Naughtiness or Incompetence?

There is a very unpleasant ripple which is in danger of growing and engulfing the banking-world. One has already seen the first stirrings of Madame Défarge-like blood-lust being directed at the “evil” bankers.

It may be a surprise to many but the “post-meltdown” banking boards still bear a uncanny resemblance to the pre-meltdown ones. Little has changed. There have been NO real adjustments to bankers’ remuneration packages. OK, there have been some grand gestures from some very rich bankers – usually immediately following a half-hearted complaint or exposé by the media. PLUS the banking industry has succeeded in persuading everyone that it really was not their fault but that they were victims of a “Global Economic Downturn”. (Every Treasury Official’s favourite phrase)

The fact is that senior bankers did not make costly mistakes because they were either evil or greedy. They made mistakes because of crass incompetence.

They did not (and still do not) understand what they were doing.

In management there are only two questions to ask if an individual under-performs or performs badly:

Who hired him? Who managed him?

As far as bank Chief Executives are concerned, the buck stops with the Board. They hired and they should have managed. If they hired the wrong person, they should take responsibility . If they hired the right person and then did not manage, then they should all be standing shoulder-to-shoulder in the dock with their protégés.

Question: Would you hire a blacksmith to perform plastic surgery? Would you hire a bus driver to build a rocket?

One of the iconic moments of the whole banking fiasco was he sight of Fred the Shred, Andy (Boots) Hornby and their respective chairmen sitting like a row of fairground ducks in front of the Treasury Select Committee.

These “bankers” who were put through the wringer, Nuremberg-style were an ASDA-trained MBA, a Media man, an Accountant and a Chemist.

What the hell do you expect when you hire individuals who are definitely Not Fit for Purpose? And it is still happening.

Current legislation decrees that those within Financial Services who come into contact with the public have to show a degree of financial competence by studying and passing examinations. They are then registered with the Financial Services Authority.

OK, some of the “examinations” are a bit Janet and John but they do serve a useful purpose.

However, it now appears that those heading-up the Banks continue to be less qualified than those they manage.

Recently, the Chief Executive of the FSA, Hector Sants, tightened his FSA “cilice” yet again by admitting that they (the regulators) had “screwed-up” (his words). Yes they have screwed-up.

Mr Sants had no choice but to own up because it was so blindingly obvious that the gross incompetence of the bank boardrooms has been compounded by the headless-chicken negligence of the FSA. The FSA spends about £400million per year yet it still does not have the manpower experienced or qualified enough to undertand and take-on the high-level machinations of our banks.

That is why many of us are paying 20-30% on our Credit Card balance and Overdraft rates bear an uncanny similarity to those before the Bank Base Rate fell to 0.5%.

If you think of money as a commodity, you may understand:

If you bought five pounds of apples and paid £5, and then a few weeks later, the greengrocer contacted you and said that you owed him another £2 because the price of apples had gone up, you would probably tell him to get lost and you would possibly complain to the Apple Regulator.

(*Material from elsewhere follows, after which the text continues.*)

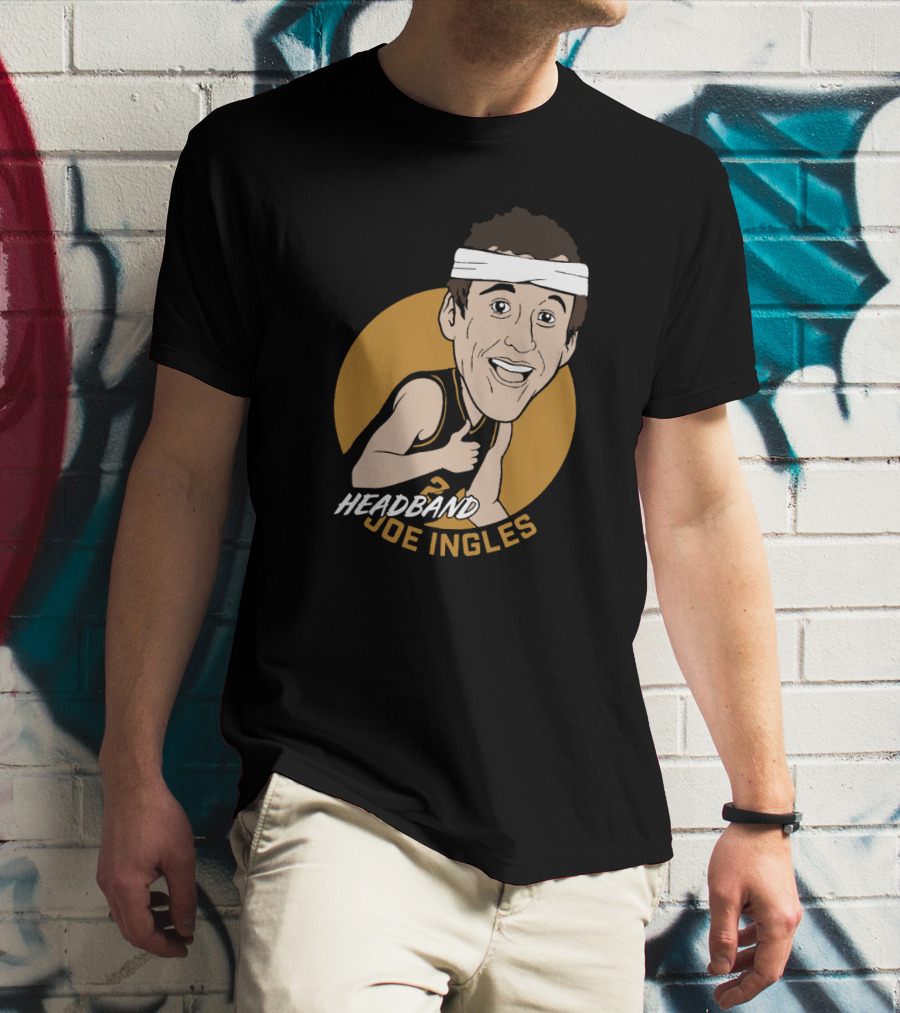 Headband Joe Ingles Cartoon Character With Headband And Thumbs Up Basketball Reference T-Shirt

Yet the banks will sell you money at certain rate and then keep adding charges at will. The ONLY thing that they have to do is to give you a bit warning. There’s no point in complaining to them and there is very little point in complaining to the regulator (FSA) becuse it can do ABSOLUTELY NOTHNG because the FSA does not have the power to give us, the consumers any real support whatsoever.

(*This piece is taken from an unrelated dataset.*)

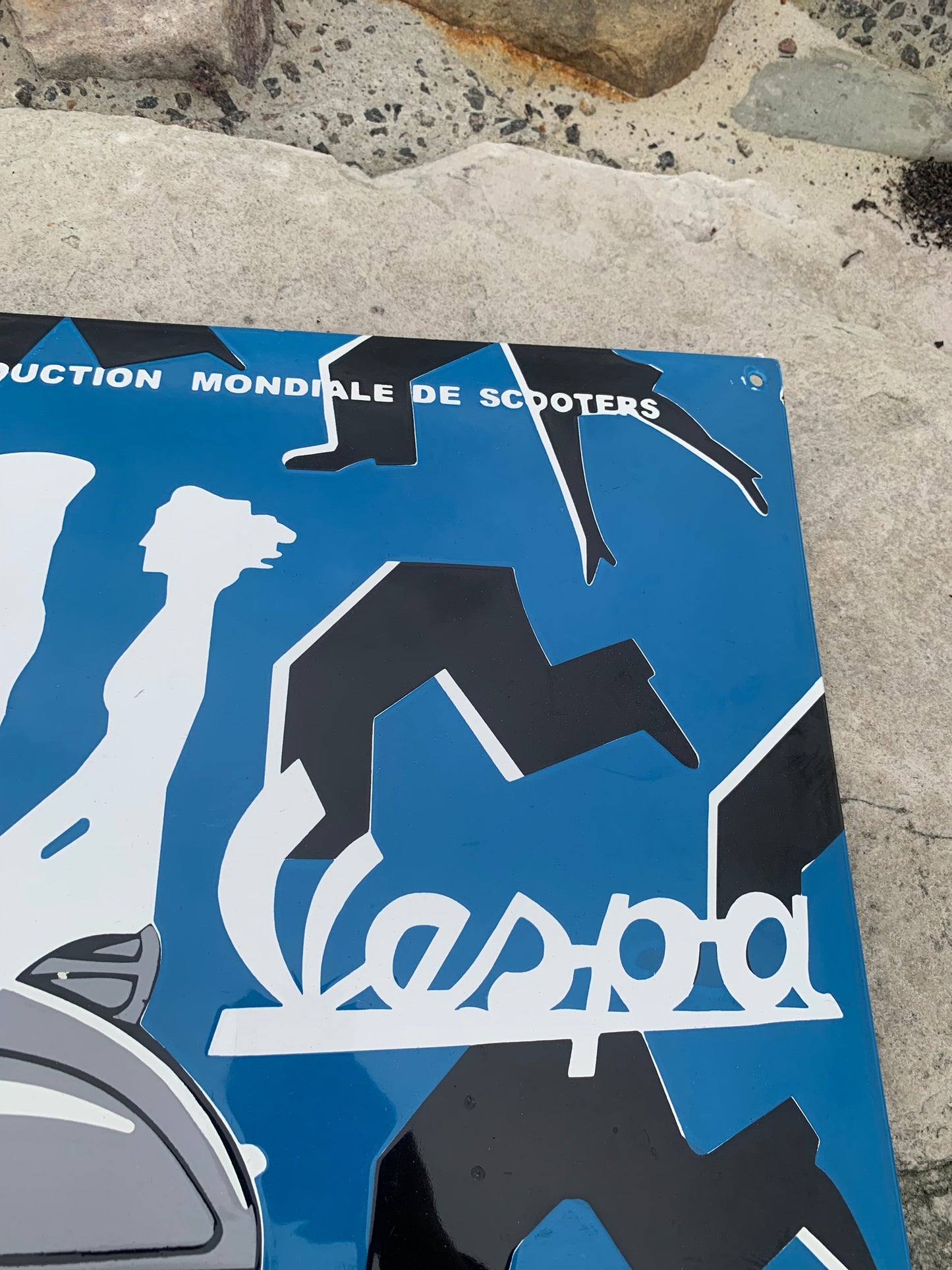 Vespa Emailleschild (gewölbt)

For most of our financial problems, the FSA is at best, cosmetic.

The FSA was designed to make sure that when Mrs Smith signed-up for her pension plan, all the boxes were ticked and she was happy with her financial advisor. The FSA is very good at sending its representatives to rifle through the filing cabinets of financial advisors and writing reports. That is a very long way from understanding credit derivatives and the forensic accounting skills needed to understand “written in smoke” bank balance sheets and the Masonic-like relationships and code of silence at the highest levels of the banking industry.

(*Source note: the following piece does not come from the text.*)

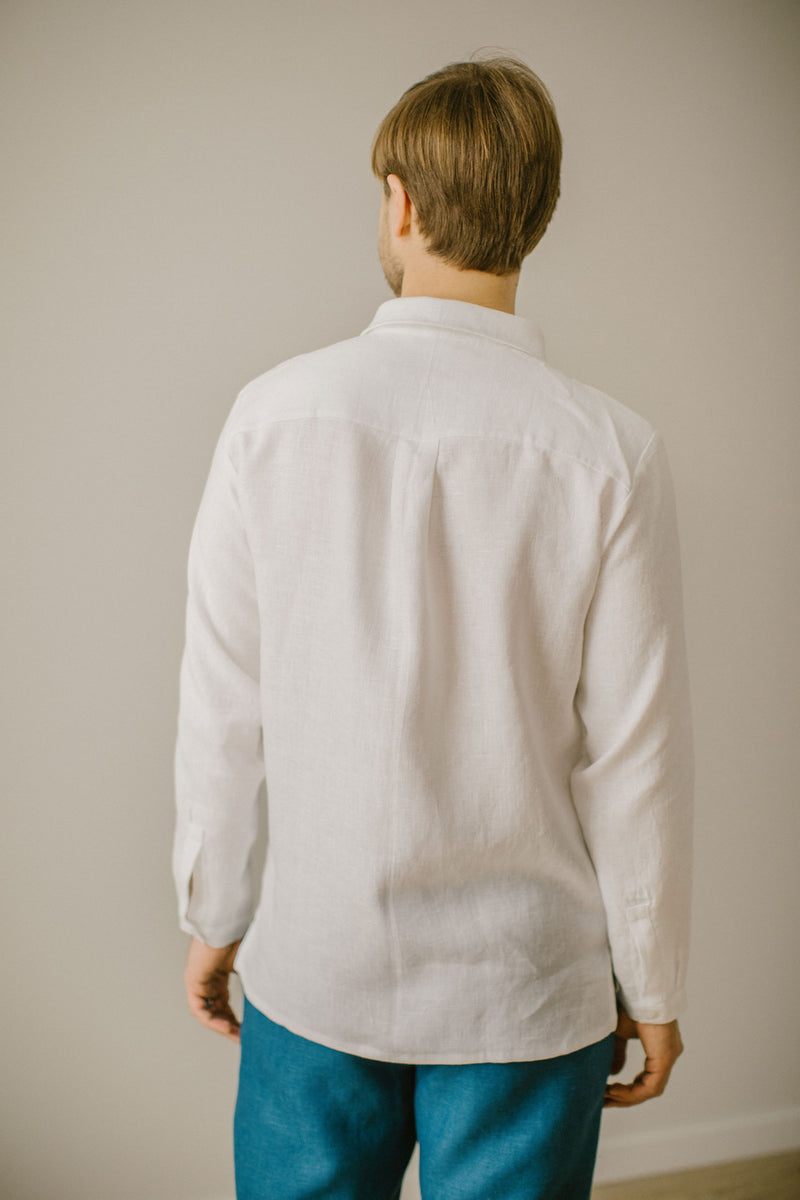 Relaxed Linen Groom Shirt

The so-called Tripartite system of regulation, which consists of the FSA, the Treasury and the Bank of England is just what the banks need. In the confusion, they are again getting away with financial murder. Murder of the Economy through not lending the correct amounts at the correct interest rates to the right people.

Make no mistake, the British economy as well as the banking system are currently doing no more than treading water. The politicians are attempting to soothe us with craftily-honed platitudes and promises of imminent economic sunshine.

Never has it been clearer that you get what you (over)pay for.